RECORDS FOR THE EXERCISE Block Start

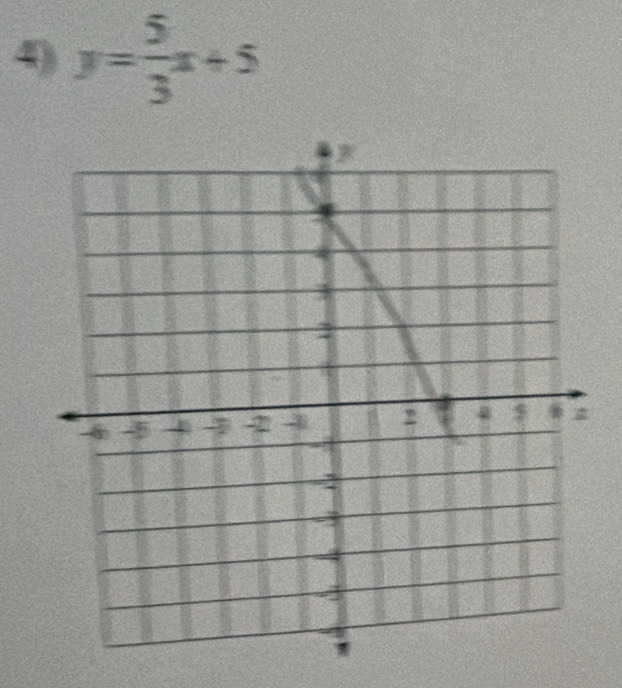 y= 5/3 x+5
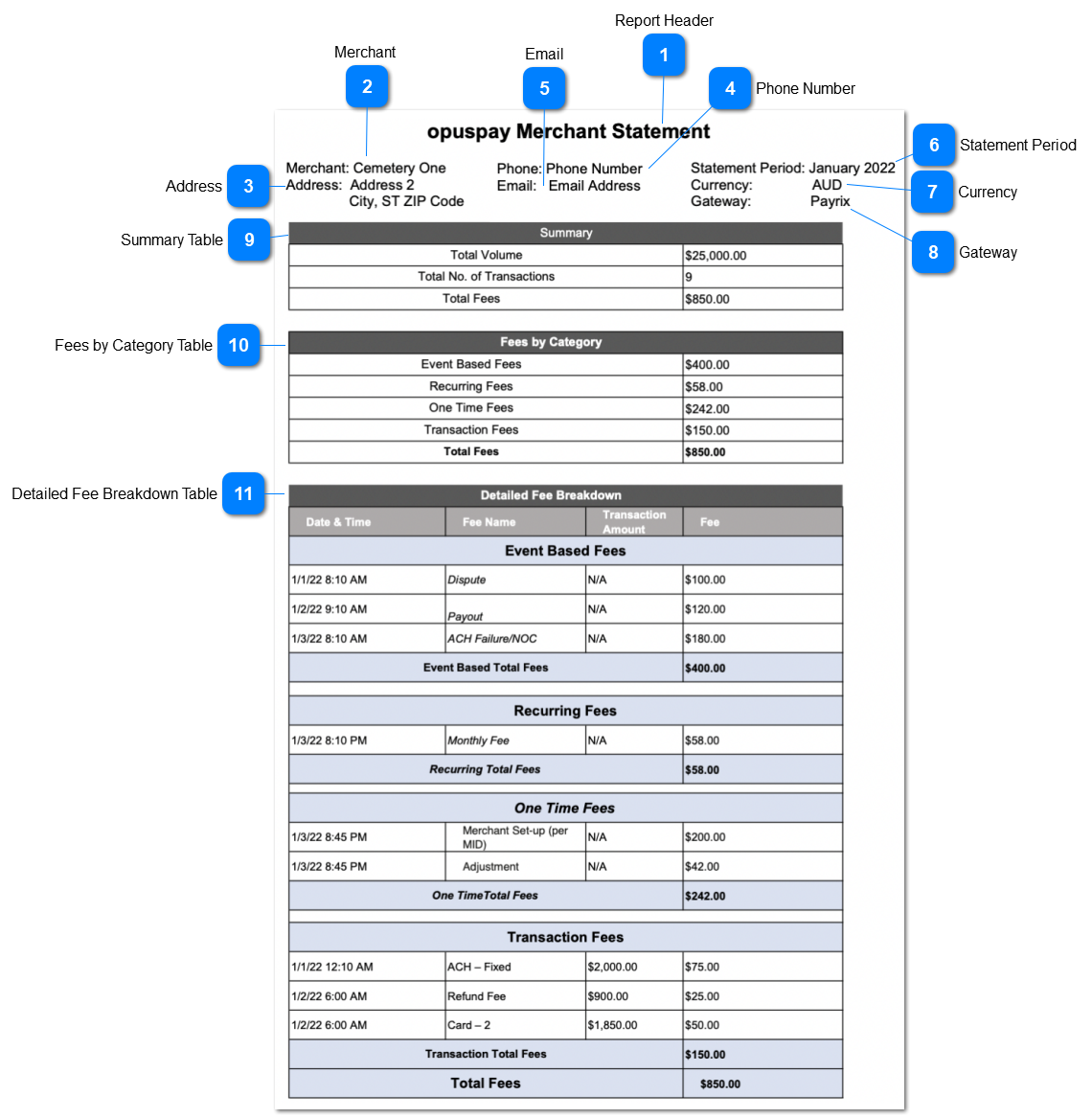 View - Merchant Statement (Single Gateway)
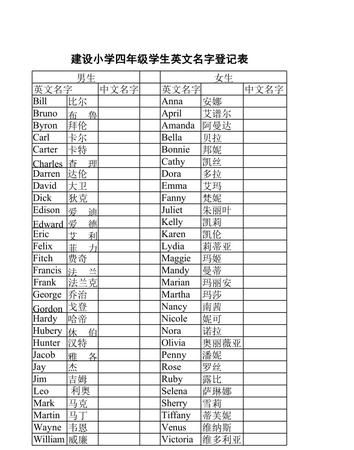 英文名姓氏,好听有寓意的英文姓氏图2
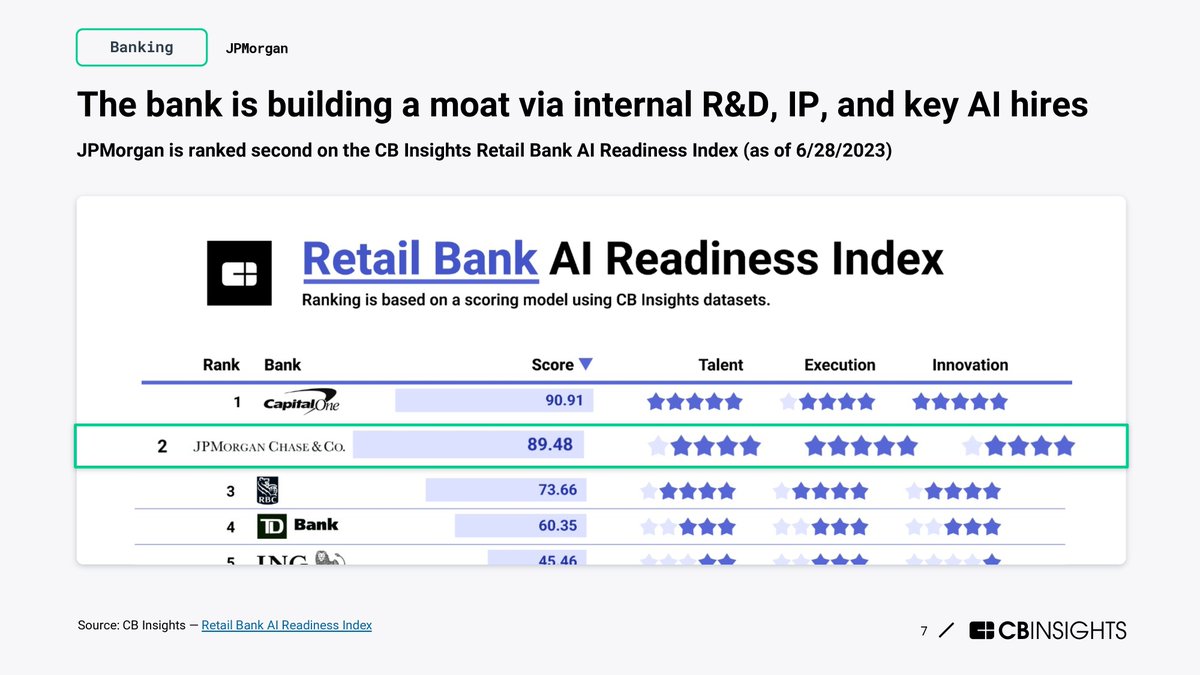 #AI is killing it for biz! 

I'm all in for AI's transformative potential, balancing ethical standards & user privacy. Thoughtful regulation + real commitment to ethical AI dev - that's how we'll crack this nut for a win-win 
Check out @CBinsights ⏬🧵 cbinsights.com/reports/CB-Ins…
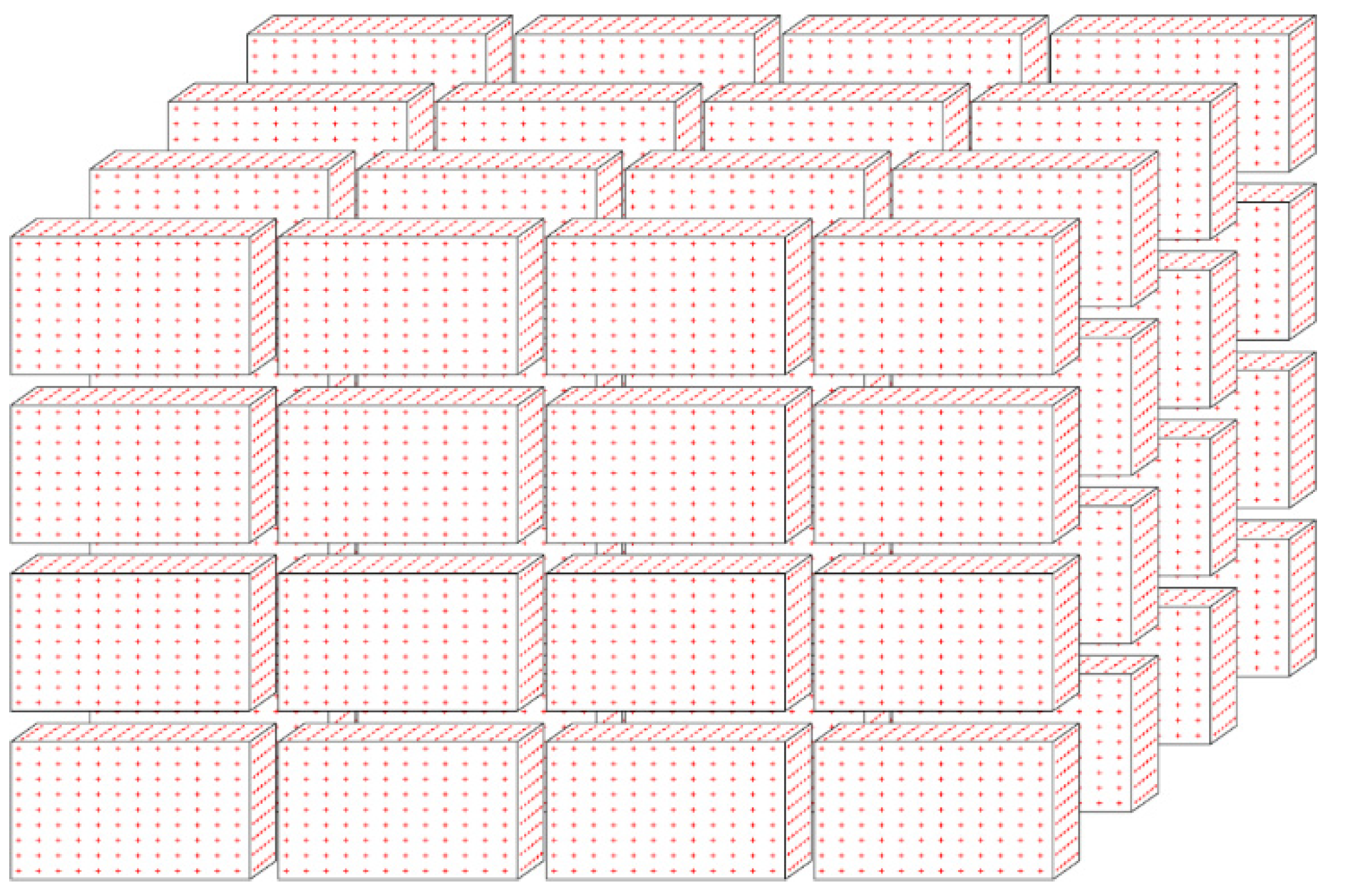 Sustainability 14 10438 g004 550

RECORDS FOR THE EXERCISE Block End

WHAT NEEDS TO BE DONE -
With no pictures included, write out the entries exactly.

ANSWER FOR THE TASK -
 y= 5/3 x+5
 View - Merchant Statement (Single Gateway)
 英文名姓氏,好听有寓意的英文姓氏图2
 #AI is killing it for biz! 

I'm all in for AI's transformative potential, balancing ethical standards & user privacy. Thoughtful regulation + real commitment to ethical AI dev - that's how we'll crack this nut for a win-win 
Check out @CBinsights ⏬🧵 cbinsights.com/reports/CB-Ins…
 Sustainability 14 10438 g004 550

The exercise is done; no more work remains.